Montreal, QC – February 12, 2004 – Dr Patrick Selvadurai, professor of civil engineering and applied mechanics at McGill University, received the Max Planck Research Award in Engineering Sciences for 2003. Dr Selvadurai is the first faculty member at McGill University to receive the award and the first Canadian engineer and theoretical mechanicist to receive the Max Planck Award.

Dr Selvadurai’s research work spans a number of areas in continuum mechanics, computational and experimental geomechanics, and applied mathematics. In conjunction with his mathematical and computational modelling, Dr Selvadurai actively conducts experimental modelling in geomechanics, a rarity for accomplished researchers with interests in theoretical and computational modelling.

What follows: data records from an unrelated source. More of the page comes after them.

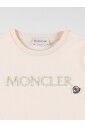 born-sort-crew-neck-tee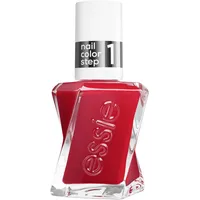 essie Gel Couture 270 rock the runway 13,5 ml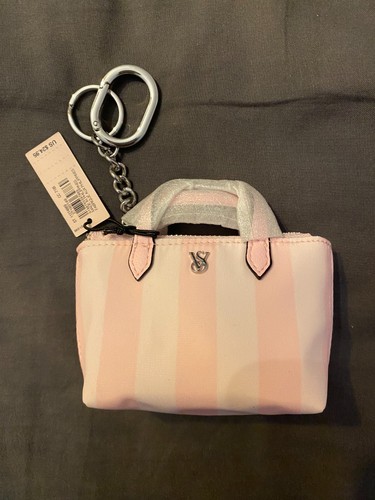 Victoria secret - victoria’s,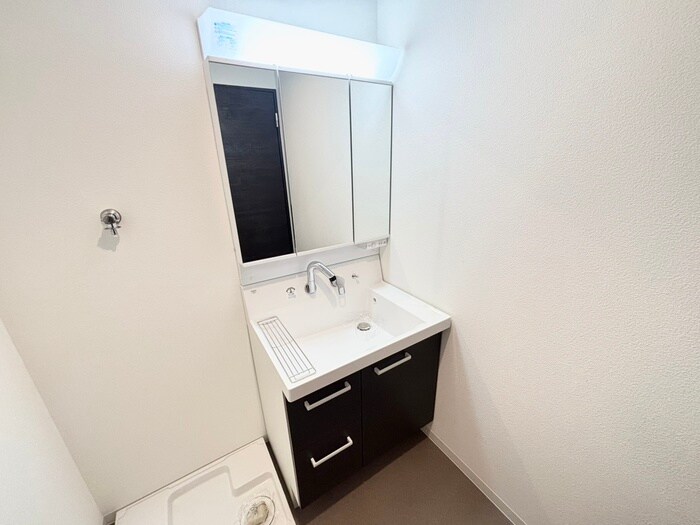 クラシオンの物件内観写真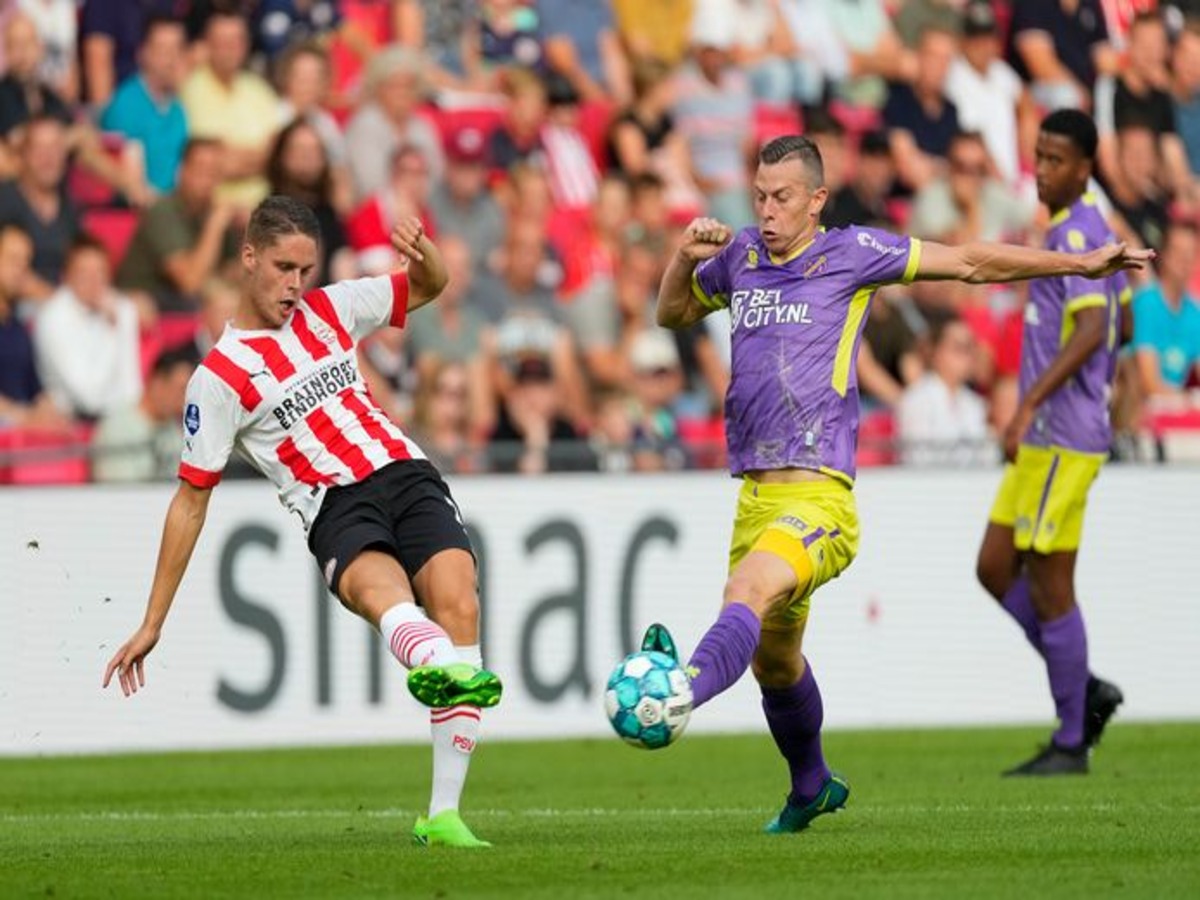 folentam-aintxofen-160423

"The research support that I have received from NSERC throughout my academic career has had a profound influence on my ability to conduct fundamental research, which has a lasting value, and, most importantly, to train research students who can appreciate the value of fundamental research," says Dr Selvadurai.

The Max Planck Award carries with it research funds that will enable Dr Selvadurai to collaborate with researchers at the University of Stuttgart and other research institutions in Germany over five years. This award acknowledges his outstanding research achievements in the areas of applied mathematics, theoretical and applied mechanics, environmental geomechanics and computational geomechanics.

The Max Planck Award is named after the 1918 German Nobel Laureate in physics, professor Dr Max Karl Ernst Ludwig Planck, who is recognized for numerous scientific accomplishments, including the discovery of energy quanta. Two other Canadians, Dr Donald Dawson and Dr Douglas Morris Ruthven, have received the award since its inception in 1990.